Dr. Amit Arya: Our health-care system is under tremendous pressure at this point in time. This may be quite alarming and shocking to some. But personally, none of this comes as a surprise as the health-care system here in Canada has suffered for decades due to crushing austerity measures. In terms of the number of hospital beds in Canada, we rank near the bottom of the OECD. Ontario is dead last compared to other provinces in terms of hospital beds per capita, and also has a huge shortage of nurses—22,000 nurses short even before the COVID-19 pandemic. Needless to say, our underfunded, under-resourced, and understaffed health-care system was pummeled by wave after wave of the pandemic. Asking a system which is underfunded and the people working within it to be efficient and resilient can only continue for so long. And that is why we are at this critical point in respect to our health-care system.
Health care is a human right and should be properly funded in our country. We have the funds, we have the resources to do this. But yet, right now it is very disheartening when provincial premiers just point fingers at the federal government and we see this back and forth between politicians when they should all be coming together to fix a broken system and cooperate in the public interest. It is in the public good to fund the system properly and to end the influence of the for-profit private sector in health care.
JN: I definitely agree and my next question is to continue on this point. In the Toronto Star, you have said that: “Years of underfunding of our health system and social safety net have created a humanitarian crisis that is still ongoing.” Can you elaborate on this?
AA: I wrote that because what makes us sick is mostly social. At least 50 per cent of what makes us sick is determined by the social factors that influence health, e.g. poverty, disability, food insecurity, homelessness, and racism. All of these social determinants of health have been exacerbated during the COVID-19 pandemic. People have been made vulnerable by the policy failures of our government.
JN: Yes, and we currently live under a profit-driven system, called capitalism.
AA: Absolutely.
JN: A system where corporations are at fault for the crisis as they have profited off billions in handouts from governments while working class people see their living standards decline. This has been happening before the pandemic, and now even more so during the pandemic. And with the rise of inflation, the economy is worsening. So my next question is, where do we go from here with what you just outlined?
AA: Lower-wage workers were left to die during the COVID-19 pandemic because of lack of paid sick days; because of wages that did not keep pace with inflation, which meant that many people could not afford groceries and rent. And the data supports this.

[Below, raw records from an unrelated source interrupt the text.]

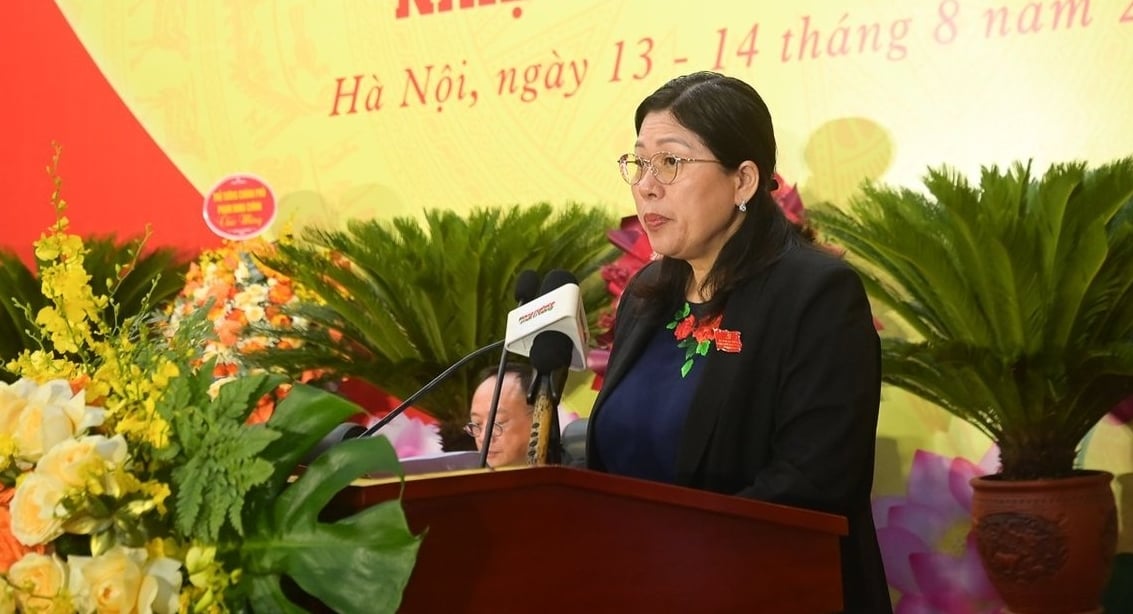 Ban Chấp hành Đảng bộ Bộ Nông nghiệp và Môi trường nhiệm kỳ 2020-2025 đoàn kết, đổi mới, hoàn thành trọng trách lịch sử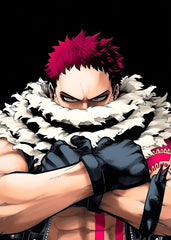 Charlotte Katakuri, One Piece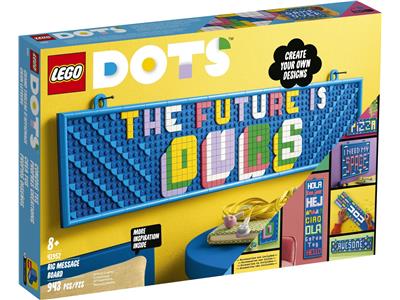 LEGO® Dots 41952 Big Message Board Building Kit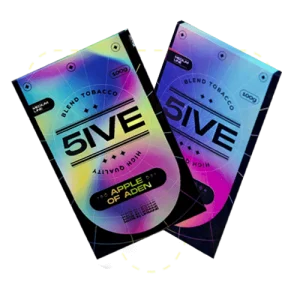 Табак для кальяна 5IVE (Файв)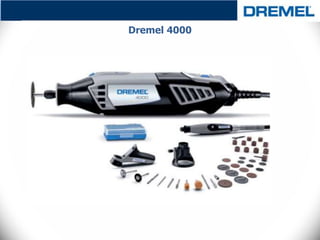 Dremel 3000 y 4000
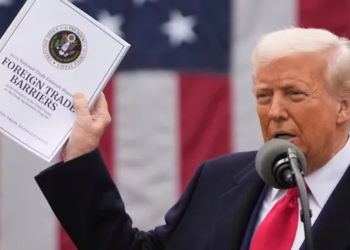 Aranceles: Donald Trump aseguró que con China «no se terminó nada» y que «quieren hacer un trato»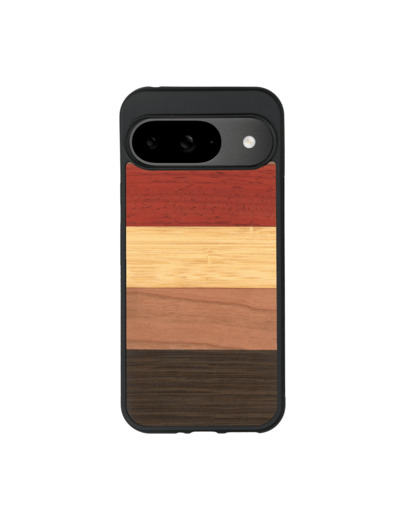 Coque Google Pixel 9 Pro XL - L'Arc-en-ciel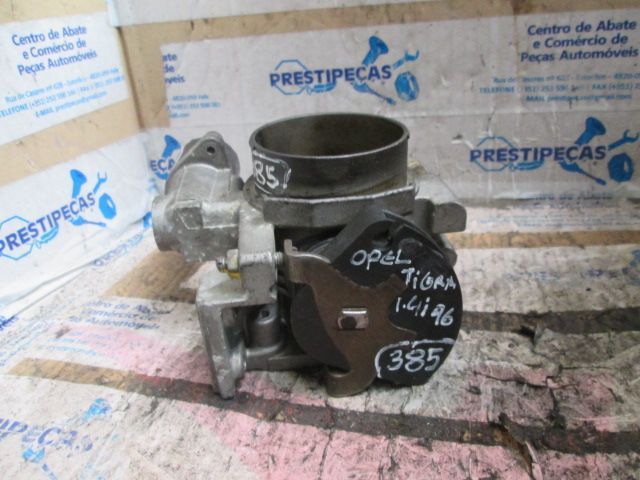 Corpo Borboleta 90501011 OPEL TIGRA 1996 14I OPEL VECTRA B 1998 1.6 I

Through all the different waves of the pandemic, including the Omicron waves, lower-income communities, where many essential workers (many of whom belong to racialized or immigrant populations) live, had a significantly higher mortality rate due to COVID-19. Shortening the isolation requirement for COVID from 10 days to just five days, along with completely inadequate paid sick days shows us that essential workers were just called “essential”, but were actually only valued for their labour, not their health. In earlier waves, vaccines were actually diverted away from many lower-income, racialized communities, when they were on fire with COVID-19! Diverted away from those communities when people were dying en masse and there was a humanitarian crisis.
So many people had to go to work, even when it was unsafe, because they were afraid of losing their jobs or they were afraid of not meeting expenses like grocery bills and rent. At one point, my ICU/emergency department colleagues were intubating one patient per hour, and most of these patients got COVID-19 from their workplace. I will never, ever forget the anguish and moral distress that went into providing end-of-life care for a low-wage worker, or their family member, who died because of a lack of paid sick days.

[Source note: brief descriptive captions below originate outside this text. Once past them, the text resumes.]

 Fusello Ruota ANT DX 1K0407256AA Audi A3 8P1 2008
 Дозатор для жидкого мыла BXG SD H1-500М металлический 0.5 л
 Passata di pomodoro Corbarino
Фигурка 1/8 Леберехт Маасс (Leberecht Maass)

Overall, the COVID-19 pandemic has shown us how the government does not care about lower-income communities and workers. There was a recent Toronto Star analysis which showed that even in the most recent Omicron waves, lower-income neighborhoods—where we know more racialized people are living, where more essential workers live—have continued to be disproportionately impacted by COVID-19. Whether you’re someone who lives with a disability in long-term care, or someone who is unfortunately suffering from long COVID because your employer and the state did not provide you with safe working conditions, your life is no longer valued because you cannot contribute to the economy. So the government will no longer provide you with the necessary support to even survive.
JN: This reminds me of a term that Friedrich Engels used to describe the actions of capitalist governments, that it is social murder. That they could have done things to save people’s lives, but they chose not to in the interest of profit.
AA: Yes, absolutely. And to answer your question about, where do we go from here and what do we do next? I think there are specific health-care and COVID-related recommendations that I can provide to you.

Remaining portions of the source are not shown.